Does Variable Habitat Usage by the Japanese Eel Lead to Population
Genetic Differentiation?
Yu-San Han1,2,*, Yoshiyuki Iizuka3, and Wann-Nian Tzeng1,2
1Department of Life Science, College of Life Science, National Taiwan University, Taipei 106, Taiwan 2Institute of Fisheries Sciences, College of Life Science, National Taiwan University, Taipei 106, Taiwan 3Institute of Earth Sciences, Academia Sinica, Nangang, Taipei 115, Taiwan
(Accepted August 13, 2009)
Yu-San Han, Yoshiyuki Iizuka, and Wann-Nian Tzeng (2010) Does variable habitat usage by the Japanese
eel lead to population genetic differentiation? Zoological Studies 49(3): 392-397. Freshwater habitat use by
Japanese eels (Anguilla japonica) is facultative. However, the relationship between its habitat-use strategy and the population genetic structure is still unknown. To evaluate whether Japanese eel populations with different habitat-use behaviors display genetic differentiation, we examined the otolith Sr/Ca ratios by an electron probe microanalyzer of 166 wild Japanese eels collected from the Kaoping River of southwestern Taiwan in 2006-2007. Eel habitat use was divided into 3 types according to the mean and standard deviation (SD) of otolith Sr/Ca ratios: type 1 (fresh water, low-migratory, the SD of the Sr/Ca ratio < 1.4‰), type 2 (brackish water, low-migratory, the SD of the Sr/Ca ratio < 1.4‰), and type 3 (highly migratory, the SD of the Sr/Ca ratio > 1.4‰). No significant genetic differentiation was found among these 3 eel types (overall FST = 0.0007, p = 0.99). Our results suggest that the diverse habitat usage by Japanese eels is due to behavioral plasticity that allows the utilization of different ecological niches, rather than a heritable character that can cause genetic differentiation among populations. http://zoolstud.sinica.edu.tw/Journals/49.3/392.pdf
Key words: Japanese eel, Otolith Sr/Ca ratio, Population genetic differentiation, Microsatellite DNA.

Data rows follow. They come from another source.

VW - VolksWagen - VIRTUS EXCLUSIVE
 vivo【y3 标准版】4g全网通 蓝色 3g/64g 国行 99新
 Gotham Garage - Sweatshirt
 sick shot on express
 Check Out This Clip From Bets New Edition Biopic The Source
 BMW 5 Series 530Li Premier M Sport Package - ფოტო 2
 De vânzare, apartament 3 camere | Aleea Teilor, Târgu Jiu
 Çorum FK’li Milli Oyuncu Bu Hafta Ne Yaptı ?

*To whom correspondence and reprint requests should be addressed. Tel: 886-2-33663726. E-mail:yshan@ntu.edu.tw
E
volution of speciation (reproductive isolation between populations) is usually thought to involve the gradual accumulation of genetic differences between geographically isolated (allopatric) populations through selection or genetic drift, or in the absence of geographic isolation, between (sympatric) populations through polyploidization or nonrandom mating (Coyne and Orr 2004). Sympatric speciation requires that populations coexist ecologically during the evolution of reproductive isolation. Potential examples of sympatric speciation were found in plants, insects, fish, and birds (Coyne and Orr 2004, Friesen et al. 2007, Ryan et al. 2007). In teleost fish, the colonization of new environments allows rapid diversification to occur sympatricallyby adaptation to divergent selection regimes (Barluenga et al. 2006). Thus, a modification of any life history character could lead to reproductive isolation and population differentiation.
The Japanese eel, Anguilla japonica Temminck and Schlegel, is a temperate catadromous fish with a complex life cycle. The spawning ground of this species is in the western Mariana Is., near 14°-16°N, 142°E (Tsukamoto 1992 2006). The hatched leptocephalus larvae drift from the spawning grounds with the North Equatorial Current (NEC) and then the Kuroshio Current (KC) for 4-6 mo, to reach the coastlines of Northeast Asia (Cheng and Tzeng 1996); they then metamorphose into glass eels along the continental shelf and enter estuaries and rivers
for growth (Tesch 2003). In recent years, otolith strontium/calcium (Sr/Ca) ratio levels have been used to trace the salinity life history of eels (Tzeng et al. 1997, Tsukamoto et al. 1998, Han et al. 2003a). The Japanese eel should be regarded as a facultative catadromous fish that can grow up in fresh water, brackish water, and seawater, and can even migrate between fresh water and seawater (Tzeng et al. 1997 2002 2003, Tsukamoto et al. 1998, Tsukamoto and Arai 2001, Daverat et al. 2006). In estuarine habitats, changes in salinity are highly variable. Eels choose a preferred salinity microhabitat in which to grow (Han et al. 2003a). Low-migratory eels may stay in seawater, brackish water, or fresh water, whereas highly migratory eels may shift between fresh water and seawater. Although the migratory behavior of this eel species is well documented, the genetic nature behind that behavior and its potential connection to population genetic differentiation is poorly understood.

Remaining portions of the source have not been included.